An entire wall of the room is decorated with frescos, with the vibrant colours of Andrea del Castagno’s masterful work which was sadly undiscovered due to the cenacolo’s strict enclosure. It was much later in 1860 that Castagno’s Last Supper was revealed although significant damage had been done by an earlier layer of whitewash.

This piece might not be a Leonardo da Vinci but it is a rare one that applies Renaissance perspective effectively. It was painted as if the scene is being observed from outside. The fresco’s detailing stand out in the intricacies of the faces and clothes of the apostles gathered around a long white table. Of particular significance in this haunting and vivid Last Supper is the dark figure of Judas in the foreground, who has been painted to resemble a resemble a satyr, an ancient symbol of evil.

The other vivid frescos above the Last supper represent the Resurrection, Crucifixion and Entombment of Jesus Christ.

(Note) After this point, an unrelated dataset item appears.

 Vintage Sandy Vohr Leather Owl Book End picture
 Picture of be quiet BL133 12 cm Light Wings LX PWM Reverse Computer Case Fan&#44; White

This former convent may not require more than fifteen minutes of your time but what was a truly humbling experience for my friend and I was the hospitality offered to us by one of the caretakers we bumped into in the courtyard past the room with the frescos.

A middle-aged woman hunched over, watering a modest collection of pots looked up at us – two lost girls, panting in the summer heat. She didn’t speak a word of Italian but gestured us to share in the contents if her tiny icebox. “Have beer, have beer!” she said, then reading our reluctant faces said “non-alcoholic”. Throwing caution to the wind (after all as Indians we are groomed not to trust easily), we shared in her modest “supper” and laughed and introduced ourselves in languages both parties didn’t understand. She chatted with us in Italian and told us to come again. We never did, we didn’t even get her name although we thought of her every time we got out of the hostel.

This was in 2015. I am not sure if she will be there if and when I visit Florence again. But I hope I bump into her in some other museum in Florence, watering plants and welcoming tourists in unfettered Italian.